En la historia tipográfica, la M romana es una de las letras más estables y solemnes. En las inscripciones lapidarias, su forma majestuosa recuerda un frontón clásico: dos columnas y un vértice. Pero incluso allí, en mármol y capital, la M no pierde su aura de refugio. Es una letra que no necesita adornos: su fuerza está en su estructura.
M de madre, pero también de medida
No es solo afecto: también es norma. Es la letra de la medida, del metro, del módulo. En arquitectura, en poesía, en música, la M marca el compás. Es la letra que organiza, que da forma sin rigidez. Como una madre que enseña sin imponer, que guía sin sujetar.
En la literatura, la M aparece como marca de lo maternal, pero también de lo monstruoso. Medusa, Macbeth, Medea: figuras que desbordan el arquetipo, que muestran que lo maternal no es solo dulzura, sino también potencia, ambivalencia, abismo.

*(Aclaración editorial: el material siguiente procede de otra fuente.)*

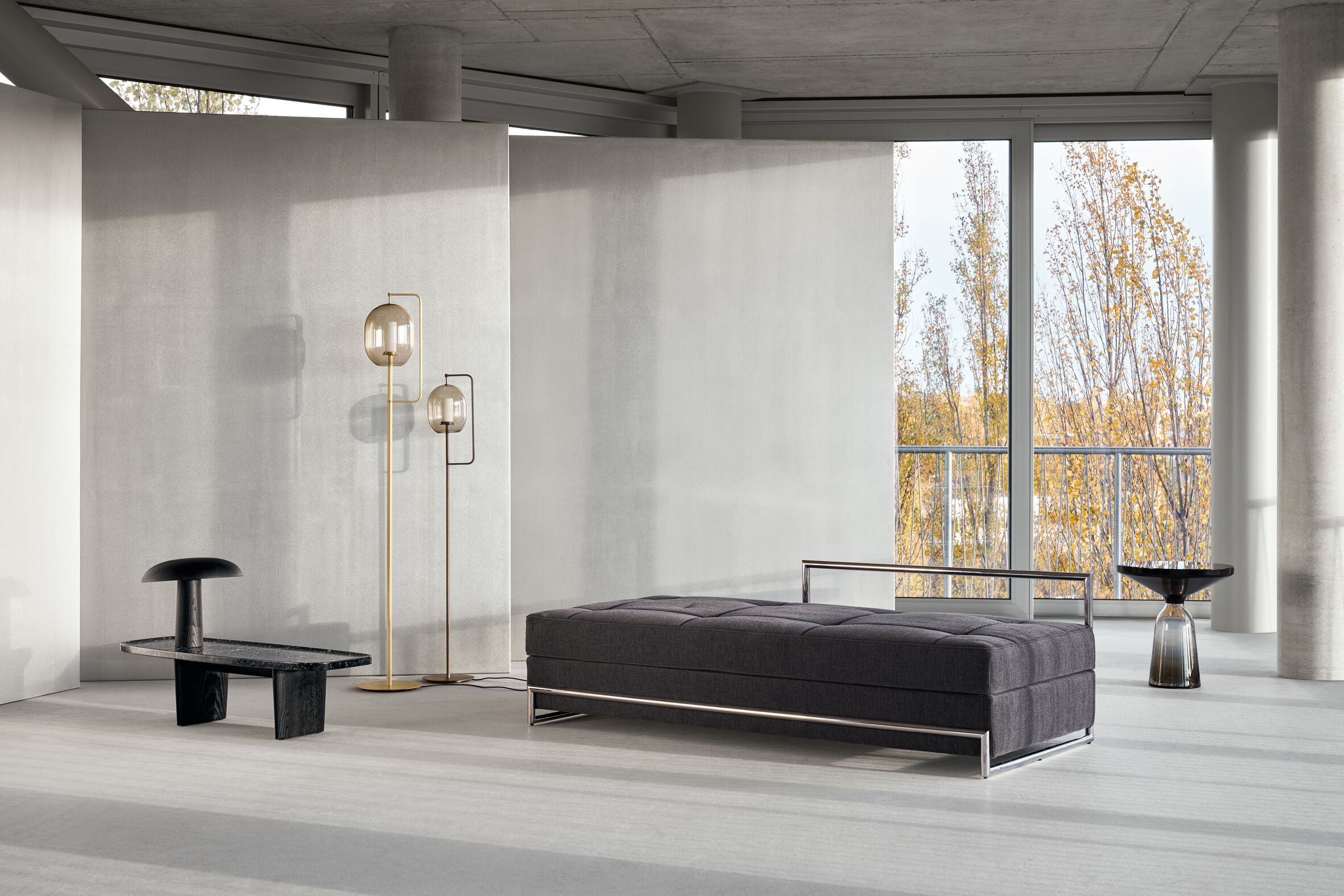 Журнальный столик из черного мрамора Marquina и ясеня Classicon Matéria ARCH-00046025 - Вид №1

La M, como toda madre, puede ser origen y límite, consuelo y amenaza.
Conclusión
La M no necesita alzarse para ser oída. Su poder está en lo que sostiene, no en lo que exhibe. Es la letra que nos nombra antes de que sepamos hablar. La que nos arropa en la infancia y nos acompaña en la memoria. La que murmura cuando todo calla.
En un alfabeto de aristas y vértices, la M es la curva que acoge. La letra que no se impone, pero funda. La que no grita, pero permanece. La maternal.